2. https://www.bootstrappable.org

3. https://github.com/oriansj/stage0/

4. https://www.gnu.org/software/mes/



Wish modern hardware had better support for this. I don't think I'll ever trust their proprietary firmwares. The problem is becoming so widespread. All kinds of peripherals have firmware now. Who knows what they're doing. Did that storage device really delete the data or is it just pretending? Only way to be sure is to physically destroy the device.


> Only way to be sure is to physically destroy the device.

Or ... never write unencrypted data to the device.


Yeah, that was my solution as well. It's much easier to destroy a small secret key than terabytes of data.

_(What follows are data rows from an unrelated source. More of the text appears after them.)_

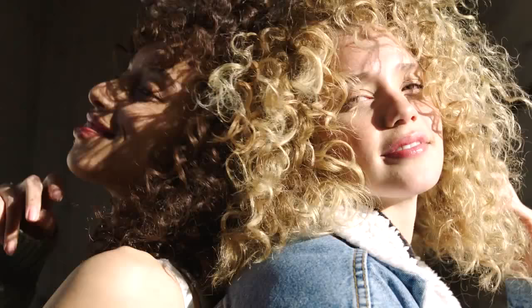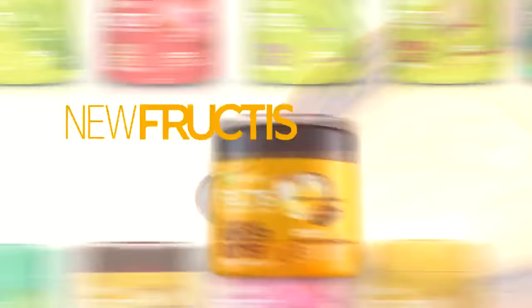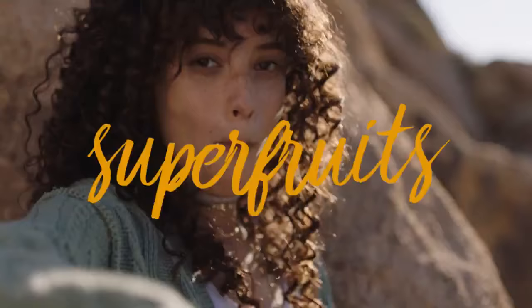Now, free your super hair. New Fructis Oil Repair Wonder Butter. Superfruits for super hair. Garnier.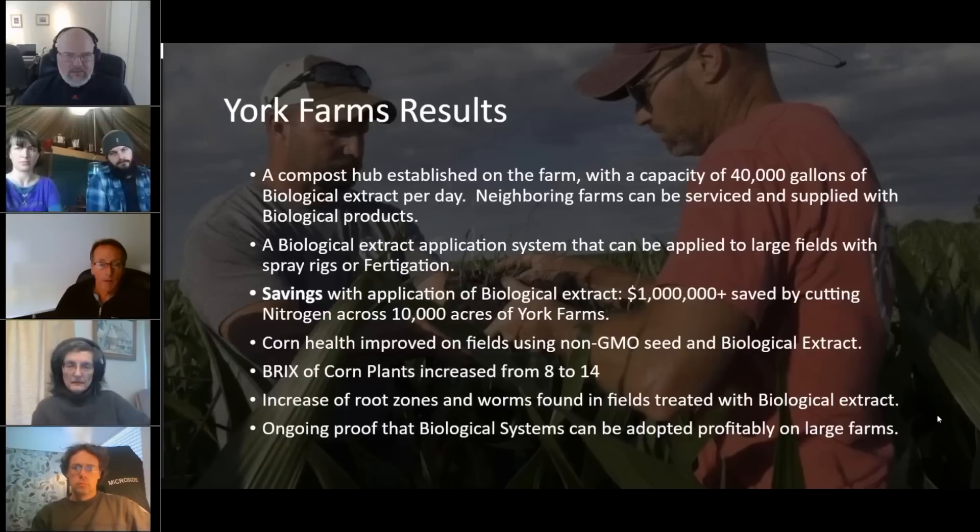Because they are becoming so successful with the regenerative and biological process, they are now becoming a hub for a lot of their neighbors who are also becoming regenerative. All their neighbors are scratching their heads going, what is it you guys are doing? Everyone kind of looks at these guys thinking they're doing some crazy stuff and wasting their time and money, but they're actually saving a lot of money, growing higher yields than their neighbors, and saving thousands if not millions of dollars. Collectively, this whole group is 150,000 acres total — the savings are enormous.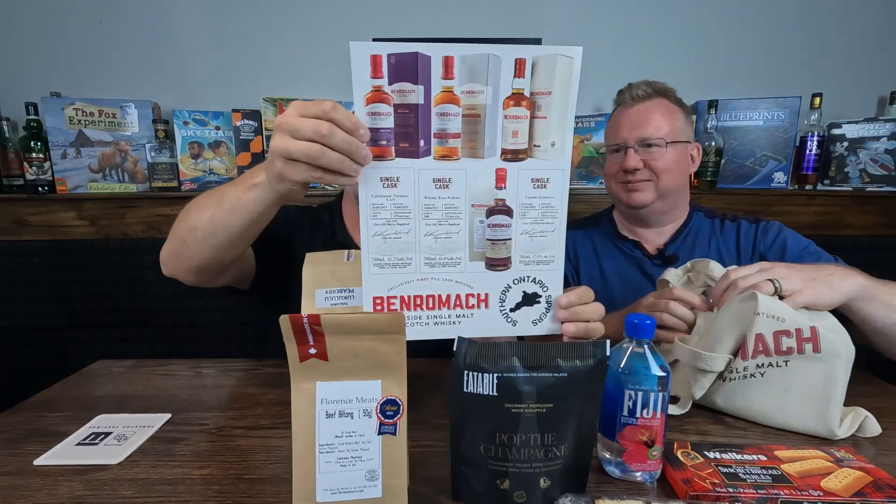We get to see all the different things we're going to be tasting and have them set out in front of us — a nice little addition, I love these for the tastings. And wrapped in bubble wrap — oh, we've got a glass! A nice Glencairn with the Benromac logo on it. Let's go with that — that's great!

Especially with N-of-M secret sharing.


I thought something along these lines when it comes to peripherals, too, but don't these (mice and keyboards chiefly) communicate with PCs through a subset of the USB standard which only handles HID and nothing else?

Would any snooping be possible through an input device if it only did HID?


> PCs through a subset of the USB standard which only handles HID and nothing else?

Yes. Is the device truly limited to doing just that, though? No way to know. I don't know enough electronics to tear it down and analyze its parts, much less dump firmware and reverse engineer it.

>Would any snooping be possible through an input device if it only did HID?

For all I know, it could be silently storing every keystroke in some small memory module hidden somewhere.


We had that problem with PS/2 keyboards too, you can buy hardware keyloggers for those.


AFAIK it wasn't possible for a PS/2 connected thing to suddenly present itself as some sort of drive, present a file on that, and then have that executed via autoload, or so.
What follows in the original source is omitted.